We are a society of extremism, we either get it all or not at all, we see the naked body portrayed in art galleries, displayed in films, and glorified in editorial ads - it’s nothing new. But look into new publications, cult magazines and avant-garde photographers; they are not just showcasing the female body as it is but going that bit further where O-faces and hardcore fetishes are seemingly on every other page. Which brings up the question, when did 'edgy' or avant-garde turn into a direct synonym of erotic?
It’s ironic how this presents itself; while pioneer magazines like Vogue or Harper’s Bazaar - both designed for the female audience - struggle with censorship because designers decide to show ‘edgyness’ by featuring a significantly young looking model in a provocative pose, others like Tissue, Baron or even i-D go the exact opposite route and experiment to the fullest with the boundaries of sex in an artistic or fashionable concept, calling it 'modern' - whilst maintaining an audience of equally women and men. Renowned photographers that were once considered pornographic like Nobuyoshi Araki paint the way for the new aesthetic in magazines or Helmut Newton that worked for both Playboy and Vogue because erotically suggestive it’s a grey area now. Then there is Britain and it’s constant contradictions, this nation specifically has encountered an intersection where censorship is not sure what it stands for. Millennial feminism keeps getting in its -rightful- way, showcasing the female body as unaltered, non-sexualised and equal to that of men - thanks to the likes of international artists and models like Petra Collins or Arvida Bystrom. Europe's liberal attitude confuses it, taking a simple example such as their difference when it comes to film rating, the popular film Fifty Shades of Grey which is thought to have somewhat of a sexual content got an 18 age rating in the UK cinema whilst Europe gave it a 12. All this, whilst conservative morals try to hold on but lose the battle to new creators who don’t care about rules in the post-sexually liberated Britain. It seems as if the country is trying to turn back time, attempting to overly censor, with the banning of nudity in Newspapers (The Sun), the prohibition of specific sexual acts in porn, the over regulation of fashion ads in printed magazines and banners - most recently: Cara Delevingne for Tom Form, Dakota Fanning for Oh! Lola, several American Apparel Ads, and Rihanna’s Oh Rogue. But the content will keep generating itself now more than ever, so it’s a lost battle already. Censoring established brands whilst new ones take full on liberal approaches is the right way to waste your time.
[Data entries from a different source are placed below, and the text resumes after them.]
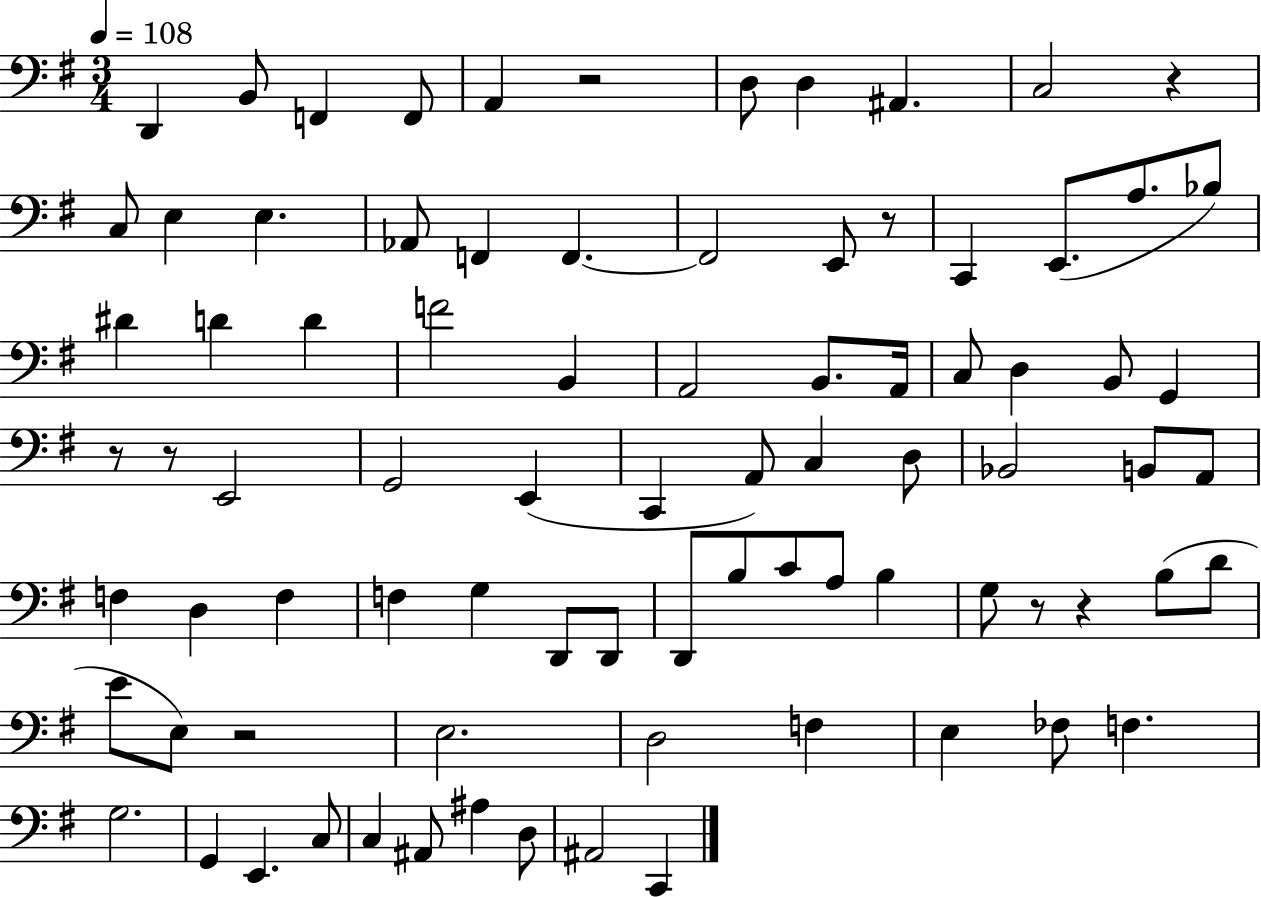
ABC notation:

X:1
T:Untitled
M:3/4
L:1/4
K:G
D,, B,,/2 F,, F,,/2 A,, z2 D,/2 D, ^A,, C,2 z C,/2 E, E, _A,,/2 F,, F,, F,,2 E,,/2 z/2 C,, E,,/2 A,/2 _B,/2 ^D D D F2 B,, A,,2 B,,/2 A,,/4 C,/2 D, B,,/2 G,, z/2 z/2 E,,2 G,,2 E,, C,, A,,/2 C, D,/2 _B,,2 B,,/2 A,,/2 F, D, F, F, G, D,,/2 D,,/2 D,,/2 B,/2 C/2 A,/2 B, G,/2 z/2 z B,/2 D/2 E/2 E,/2 z2 E,2 D,2 F, E, _F,/2 F, G,2 G,, E,, C,/2 C, ^A,,/2 ^A, D,/2 ^A,,2 C,,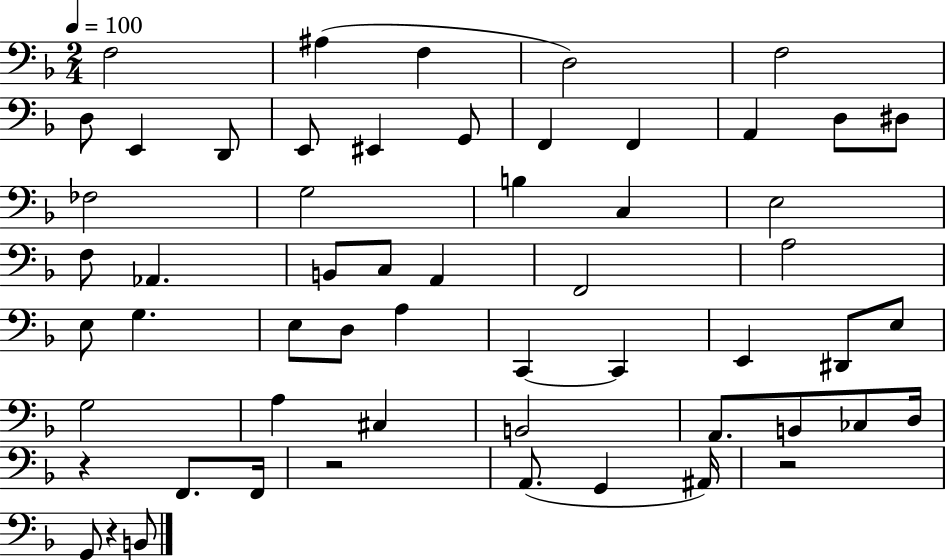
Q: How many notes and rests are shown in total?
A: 57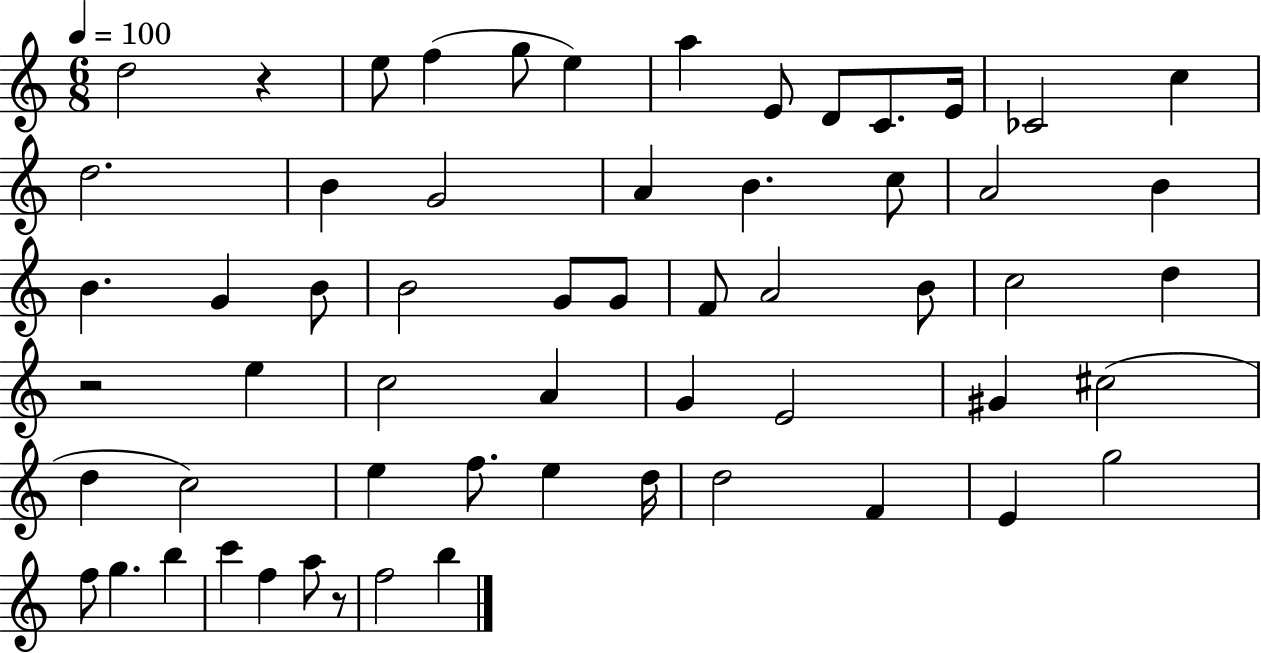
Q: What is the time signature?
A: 6/8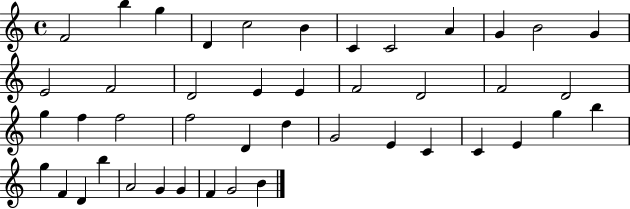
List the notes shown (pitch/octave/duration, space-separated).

F4/h B5/q G5/q D4/q C5/h B4/q C4/q C4/h A4/q G4/q B4/h G4/q E4/h F4/h D4/h E4/q E4/q F4/h D4/h F4/h D4/h G5/q F5/q F5/h F5/h D4/q D5/q G4/h E4/q C4/q C4/q E4/q G5/q B5/q G5/q F4/q D4/q B5/q A4/h G4/q G4/q F4/q G4/h B4/q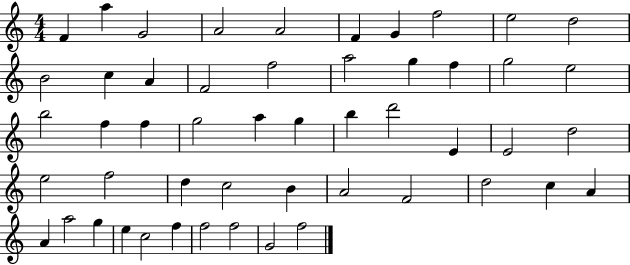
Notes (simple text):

F4/q A5/q G4/h A4/h A4/h F4/q G4/q F5/h E5/h D5/h B4/h C5/q A4/q F4/h F5/h A5/h G5/q F5/q G5/h E5/h B5/h F5/q F5/q G5/h A5/q G5/q B5/q D6/h E4/q E4/h D5/h E5/h F5/h D5/q C5/h B4/q A4/h F4/h D5/h C5/q A4/q A4/q A5/h G5/q E5/q C5/h F5/q F5/h F5/h G4/h F5/h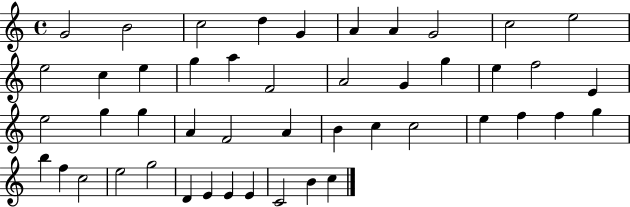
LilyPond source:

{
  \clef treble
  \time 4/4
  \defaultTimeSignature
  \key c \major
  g'2 b'2 | c''2 d''4 g'4 | a'4 a'4 g'2 | c''2 e''2 | \break e''2 c''4 e''4 | g''4 a''4 f'2 | a'2 g'4 g''4 | e''4 f''2 e'4 | \break e''2 g''4 g''4 | a'4 f'2 a'4 | b'4 c''4 c''2 | e''4 f''4 f''4 g''4 | \break b''4 f''4 c''2 | e''2 g''2 | d'4 e'4 e'4 e'4 | c'2 b'4 c''4 | \break \bar "|."
}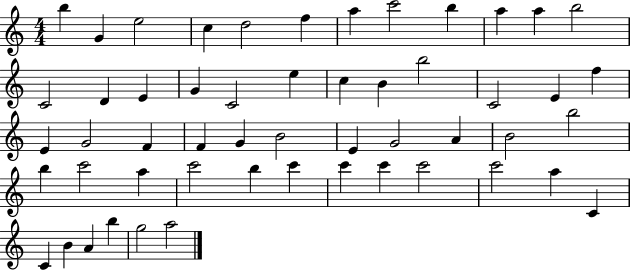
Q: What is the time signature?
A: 4/4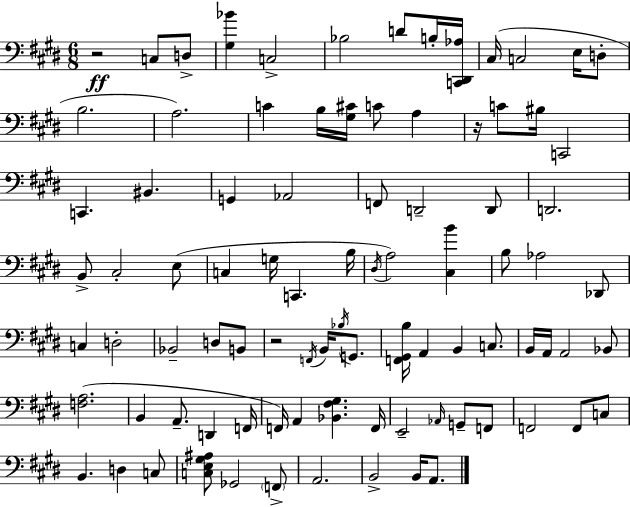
R/h C3/e D3/e [G#3,Bb4]/q C3/h Bb3/h D4/e B3/s [C2,D#2,Ab3]/s C#3/s C3/h E3/s D3/e B3/h. A3/h. C4/q B3/s [G#3,C#4]/s C4/e A3/q R/s C4/e BIS3/s C2/h C2/q. BIS2/q. G2/q Ab2/h F2/e D2/h D2/e D2/h. B2/e C#3/h E3/e C3/q G3/s C2/q. B3/s D#3/s A3/h [C#3,B4]/q B3/e Ab3/h Db2/e C3/q D3/h Bb2/h D3/e B2/e R/h F2/s B2/s Bb3/s G2/e. [F2,G#2,B3]/s A2/q B2/q C3/e. B2/s A2/s A2/h Bb2/e [F3,A3]/h. B2/q A2/e. D2/q F2/s F2/s A2/q [Bb2,F#3,G#3]/q. F2/s E2/h Ab2/s G2/e F2/e F2/h F2/e C3/e B2/q. D3/q C3/e [C3,E3,G#3,A#3]/e Gb2/h F2/e A2/h. B2/h B2/s A2/e.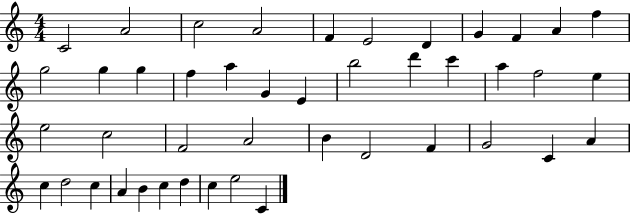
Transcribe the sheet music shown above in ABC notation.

X:1
T:Untitled
M:4/4
L:1/4
K:C
C2 A2 c2 A2 F E2 D G F A f g2 g g f a G E b2 d' c' a f2 e e2 c2 F2 A2 B D2 F G2 C A c d2 c A B c d c e2 C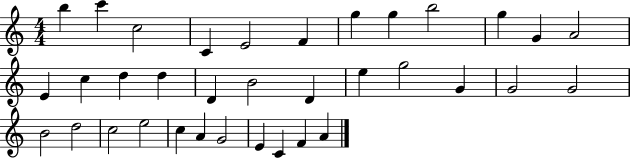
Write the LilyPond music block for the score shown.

{
  \clef treble
  \numericTimeSignature
  \time 4/4
  \key c \major
  b''4 c'''4 c''2 | c'4 e'2 f'4 | g''4 g''4 b''2 | g''4 g'4 a'2 | \break e'4 c''4 d''4 d''4 | d'4 b'2 d'4 | e''4 g''2 g'4 | g'2 g'2 | \break b'2 d''2 | c''2 e''2 | c''4 a'4 g'2 | e'4 c'4 f'4 a'4 | \break \bar "|."
}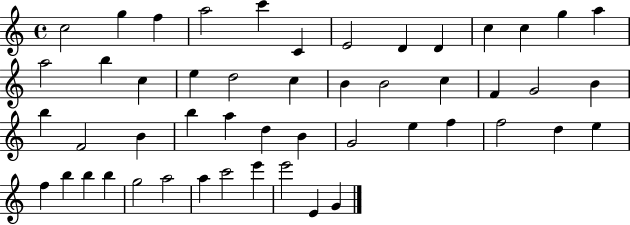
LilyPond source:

{
  \clef treble
  \time 4/4
  \defaultTimeSignature
  \key c \major
  c''2 g''4 f''4 | a''2 c'''4 c'4 | e'2 d'4 d'4 | c''4 c''4 g''4 a''4 | \break a''2 b''4 c''4 | e''4 d''2 c''4 | b'4 b'2 c''4 | f'4 g'2 b'4 | \break b''4 f'2 b'4 | b''4 a''4 d''4 b'4 | g'2 e''4 f''4 | f''2 d''4 e''4 | \break f''4 b''4 b''4 b''4 | g''2 a''2 | a''4 c'''2 e'''4 | e'''2 e'4 g'4 | \break \bar "|."
}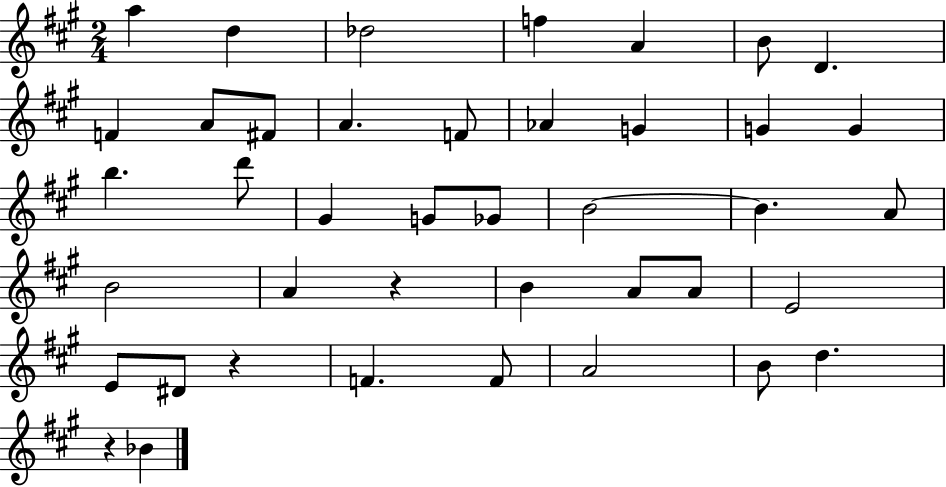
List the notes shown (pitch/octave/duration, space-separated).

A5/q D5/q Db5/h F5/q A4/q B4/e D4/q. F4/q A4/e F#4/e A4/q. F4/e Ab4/q G4/q G4/q G4/q B5/q. D6/e G#4/q G4/e Gb4/e B4/h B4/q. A4/e B4/h A4/q R/q B4/q A4/e A4/e E4/h E4/e D#4/e R/q F4/q. F4/e A4/h B4/e D5/q. R/q Bb4/q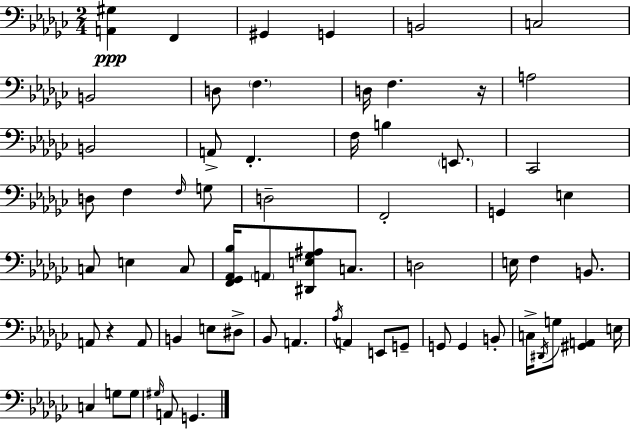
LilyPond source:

{
  \clef bass
  \numericTimeSignature
  \time 2/4
  \key ees \minor
  <a, gis>4\ppp f,4 | gis,4 g,4 | b,2 | c2 | \break b,2 | d8 \parenthesize f4. | d16 f4. r16 | a2 | \break b,2 | a,8-> f,4.-. | f16 b4 \parenthesize e,8. | ces,2 | \break d8 f4 \grace { f16 } g8 | d2-- | f,2-. | g,4 e4 | \break c8 e4 c8 | <f, ges, aes, bes>16 \parenthesize a,8 <dis, e ges ais>8 c8. | d2 | e16 f4 b,8. | \break a,8 r4 a,8 | b,4 e8 dis8-> | bes,8 a,4. | \acciaccatura { aes16 } a,4 e,8 | \break g,8-- g,8 g,4 | b,8-. c16-> \acciaccatura { dis,16 } g8 <gis, a,>4 | e16 c4 g8 | g8 \grace { gis16 } a,8 g,4. | \break \bar "|."
}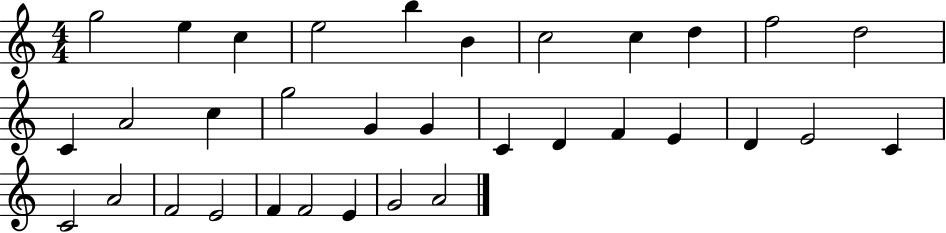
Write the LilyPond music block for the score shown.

{
  \clef treble
  \numericTimeSignature
  \time 4/4
  \key c \major
  g''2 e''4 c''4 | e''2 b''4 b'4 | c''2 c''4 d''4 | f''2 d''2 | \break c'4 a'2 c''4 | g''2 g'4 g'4 | c'4 d'4 f'4 e'4 | d'4 e'2 c'4 | \break c'2 a'2 | f'2 e'2 | f'4 f'2 e'4 | g'2 a'2 | \break \bar "|."
}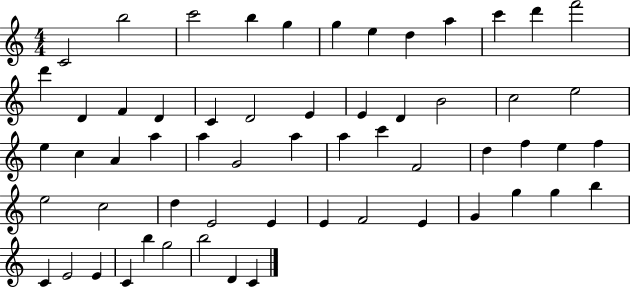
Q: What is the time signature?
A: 4/4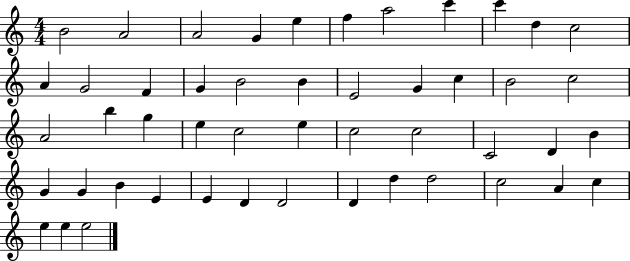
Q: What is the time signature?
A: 4/4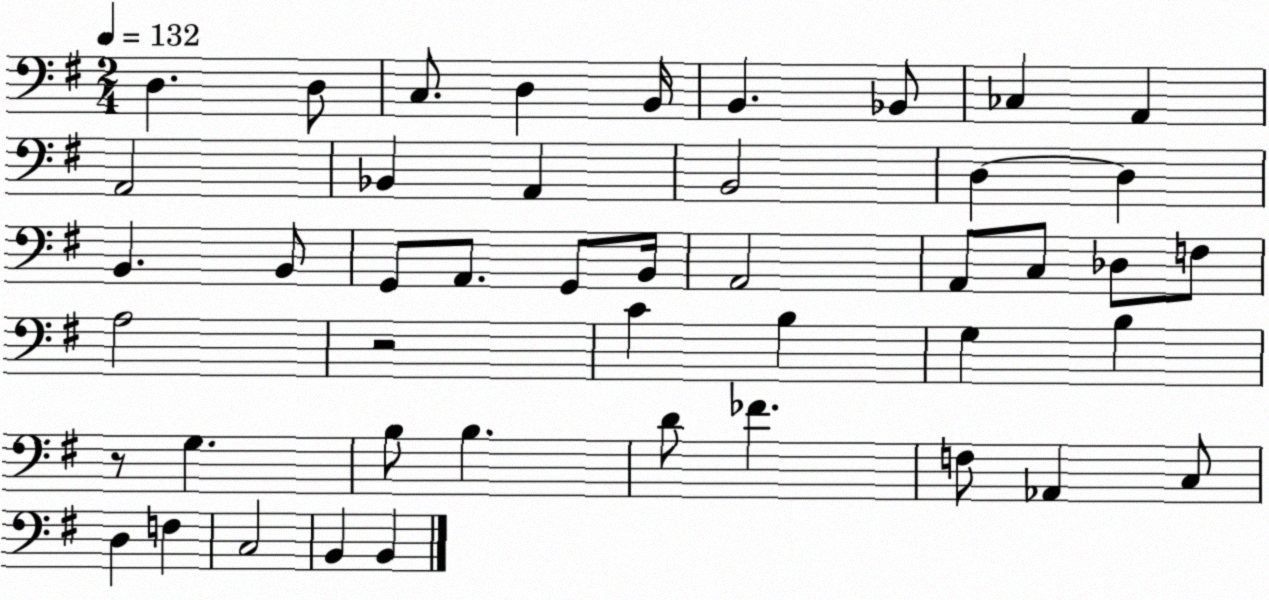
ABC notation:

X:1
T:Untitled
M:2/4
L:1/4
K:G
D, D,/2 C,/2 D, B,,/4 B,, _B,,/2 _C, A,, A,,2 _B,, A,, B,,2 D, D, B,, B,,/2 G,,/2 A,,/2 G,,/2 B,,/4 A,,2 A,,/2 C,/2 _D,/2 F,/2 A,2 z2 C B, G, B, z/2 G, B,/2 B, D/2 _F F,/2 _A,, C,/2 D, F, C,2 B,, B,,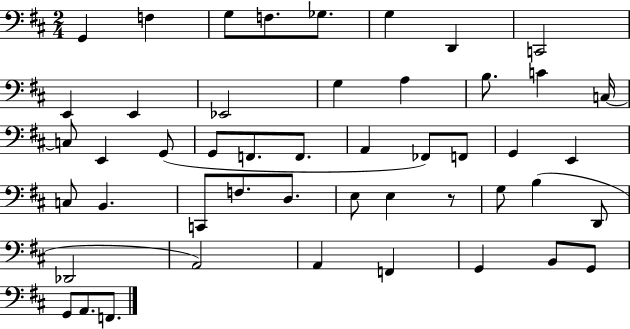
G2/q F3/q G3/e F3/e. Gb3/e. G3/q D2/q C2/h E2/q E2/q Eb2/h G3/q A3/q B3/e. C4/q C3/s C3/e E2/q G2/e G2/e F2/e. F2/e. A2/q FES2/e F2/e G2/q E2/q C3/e B2/q. C2/e F3/e. D3/e. E3/e E3/q R/e G3/e B3/q D2/e Db2/h A2/h A2/q F2/q G2/q B2/e G2/e G2/e A2/e. F2/e.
Art at its most magnificent of forms can wake up emotions and shape itself depending on the eye of the observer. But is sexual-arousal the main emotion we want to feel nowadays? Books, films, and shows seem to have a stronger hype if they’re significantly lascivious which is a step forward for our once repressed selves but a one-way lane for the way we consume and feel art. Fashion is like its academic brother because with fashion also comes functionality, the line of differentiation between the two is a blurry one, and fashion publications demonstrate it when their editorials consist of high-class models in postures resembling their far-flung sex-for-sale sisters in order to make you look and instantly make you buy. Fashion has always used sensuality but the way we see sensuality might be changing as well as our catalyst for interest, the latest Victoria’s Secret Fashion Show unofficially won over Chanel's Métiers d'Art, since they both took place the same day at the same time but how could Chanel compete against supermodels in shiny bustiers dancing to thigh-high boot wearing Ariana Grande? And who can blame them?
It’s not about questioning the growing liberation of sex in fashion or pop culture it’s about not letting it take over and overshadow other ways of expression. Sexual censorship has always been an impediment for the creative minds and for that it’s not one to stand for or defend, It causes shame and ignorance. However, to focus on only one theme to shape our popular culture would also be shameful and ignorant. As consumerism invades all the sides of art and its industry and the new generation wants to be captivated in two seconds or our attention is lost, porn seems like the easiest of answers. Sex is a part of life but consumers and creators have to make sure it’s not the only topic on the table. Instead of accepting it and embracing it as a liberal society we are exploiting it.